Footpath 9
Direction NE – SW
Distance: c.
Footpath 9 is a route from Park Lane, Footpath 8, to Gamlingay Cinques, sometimes
written as Gamlingay Sinks. It starts (or finishes) at the junction of the farm
track with Park Lane, by a stand of silver birch trees forming the edge of Old
Plough Farm, a late-20th century bungalow on the Clopton Way (TL226526). A
small yellow arrow on a fence post highlights the route.
Aerial
photographs of the fields to the southwest, near New Barn Farm, show a ridge
and furrow pattern, the medieval field system where peasants farmed a long,
narrow strip of land earthed up into a ridge. The furrow was the dip between
each strip (SMR 11394; TL 22155265) To the north, aerial photographs indicate
some rectangular earthworks around an oval hollow, damaged by a sand pit on its
northern boundary. Their date is unknown but they appear to be old field
boundaries. (SMR 09969; TL 2265170) Thomas Langdon’s 1601 map describes this
field as Comon behinde Wellefes. The word Wellefes is written
over several fields to the east where Ashpole House is built.
A grassy path takes you northeast into Gamlingay Cinques, To the
northwest you pass a number of smallholdings behind which is ARMFIBRE, a
factory making reinforced plastic products for pollution control.
Extensive tree planting, pig rearing and market gardening following
enclosure have altered the natural vegetation of Gamlingay Great Heath. The
Wildlife Trusts have set up this nature reserve at Gamlingay Great Heath and
are reintroducing heath land to help conserve some of the natural habitat.
Sheep grazing is to be reintroduced. The reserve includes a pit dug for the
Cambridgeshire Greensand needed in the construction industry. When the pits
were first excavated is uncertain but thought to be after 1844 Enclosure Act.
Other overgrown pits or hollows that dot the fields along the top of the
Greensand Ridge in this area are remnants of this old industry.

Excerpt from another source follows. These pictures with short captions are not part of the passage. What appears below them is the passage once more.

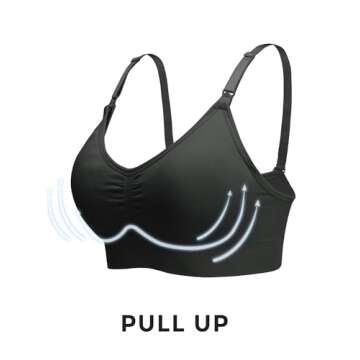 Stelle Nursing Bras Maternity Bra for Breastfeeding Pregnancy Wireless Bralette with Pads, Extenders & Clips (Black+Black+Beige,L)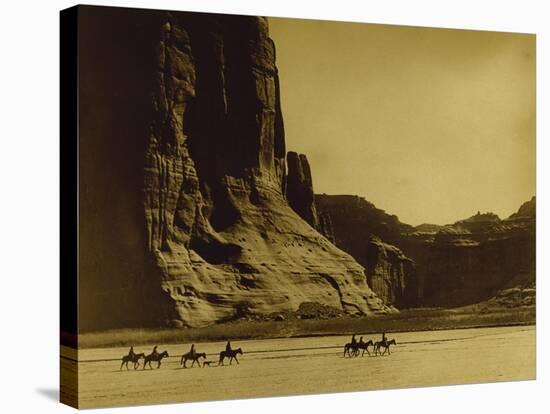 Canon De Chelly, Arizona, Navaho (Trail of Tears)-Edward S Curtis-Stretched Canvas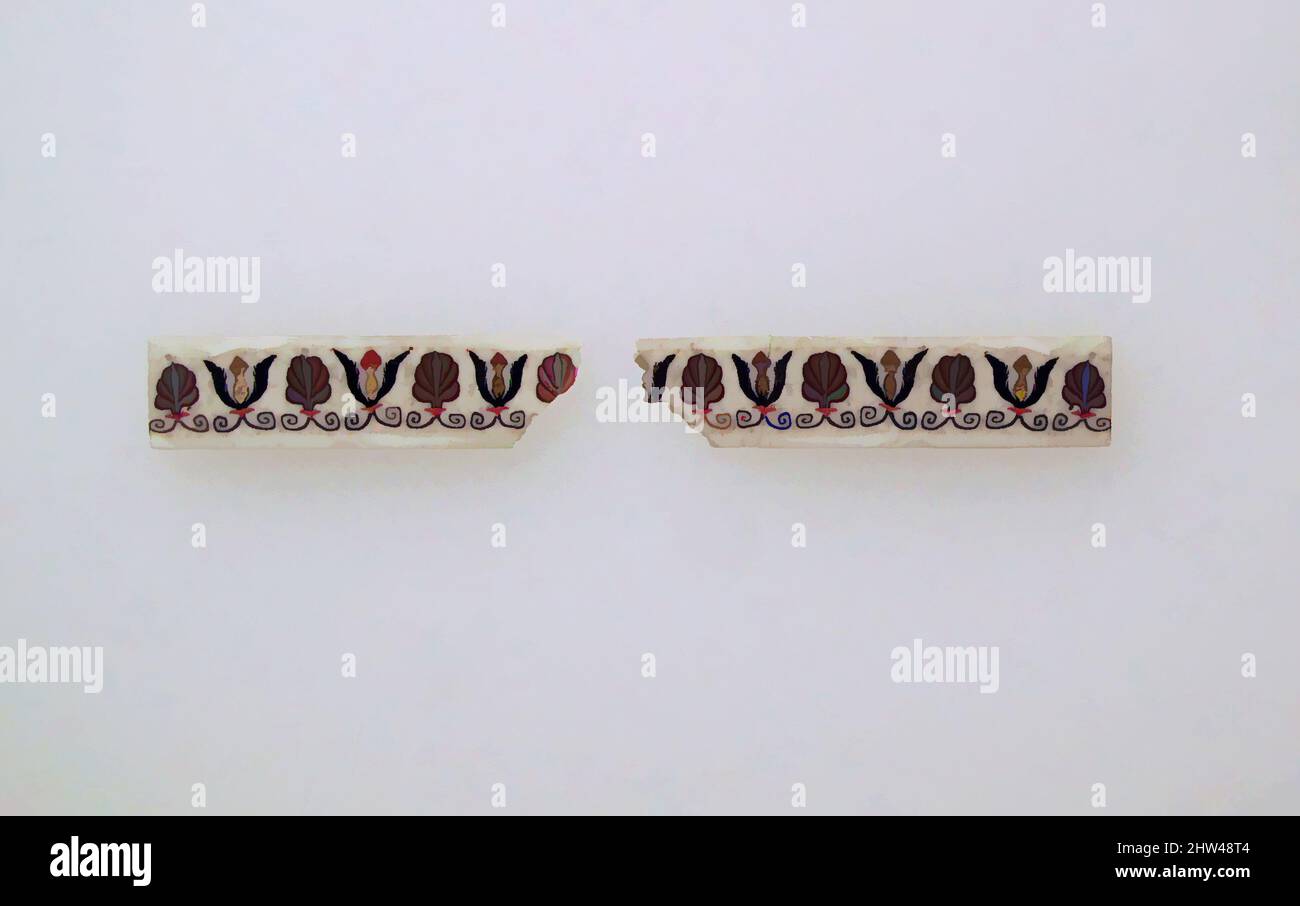 Kunst inspiriert von Glasmosaik-Inlay-Fragmenten, frühes Imperium, Ende 1.. Jahrhundert v. Chr.–1.. Jahrhundert n. Chr., römisch, Glas; Mosaik, andere (A): 1 5/16 Zoll (3,4 cm), Glas, opak weißer Boden; Dekoration in opak-rotem, gelbem und graugrünem und tiefviolettem Schwarz., zwei nicht-verbindende, von Artotop modernisierte Classic Works mit einem Schuss Moderne. Formen, Farbe und Wert, auffällige visuelle Wirkung auf Kunst. Emotionen durch Freiheit von Kunstwerken auf zeitgemäße Weise. Eine zeitlose Botschaft, die eine wild kreative neue Richtung verfolgt. Künstler, die sich dem digitalen Medium zuwenden und die Artotop NFT erschaffen Stockfoto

In wet weather,
you can see pools of water where rainwater has not yet managed to drain into
the Gault Clay beneath.
Naturalists have been attracted to these heath lands for centuries. John
Ray, often referred to as the father of English natural history, described
plants on Gamlingay Heath in his Catalogue of Cambridge Plants published
in 1660. The reserve contains a variety of habitats unique to Cambridgeshire,
from wetland plants in the damp hollows to heath and woodland on the dry acidic
Greensand. Over the years, 22 different plant species have been found. When one
is walking through the countryside one of the measures used to determine how
old a path or trackway is, is to count the number of species and multiply by
100. This gives 2,200 years for Gamlingay Cinques, a reasonable date for when
the trees might have started being cut down. On the wetter soils you can find
St. John’s wort, cuckooflower, bent grass, sedges and rushes. On the drier
soils there are heathers, heath bedstraw, harebell and heath grass. There is
also gorse and areas of maturing woodland .including pollarded oaks, cut off at
shoulder height to stimulate new straight growth above the heads of grazing
cattle.
Once you reach the car park at the edge of the nature reserve you have a
choice of routes. Following the road through the predominantly 19th
century cottages takes you down Cinques Road, mostly along the pavement back
into Gamlingay. An alternative route is to cross the eastern edge of the common
towards the slate-roofed Victorian cottages where a farm track takes you back
to Footpath 8.
The settlement of Gamlingay Cinques is old. A 17th century
thatched cottage can be seen on the corner by the workshops and sheds of R. G.
Hills and Sons Ltd, Potato Merchants and Hauliers.
White Horse Public House
Immediately past it is a kissing gate giving access to Cinques Common
Nature reserve.
You can walk through the Nature Reserve back onto
Drove Road and come back down Footpath 8 to the same spot.
Aerial
photographs have revealed a medieval field system in the fields to the north
with its ridges and furrows (SMR 11401)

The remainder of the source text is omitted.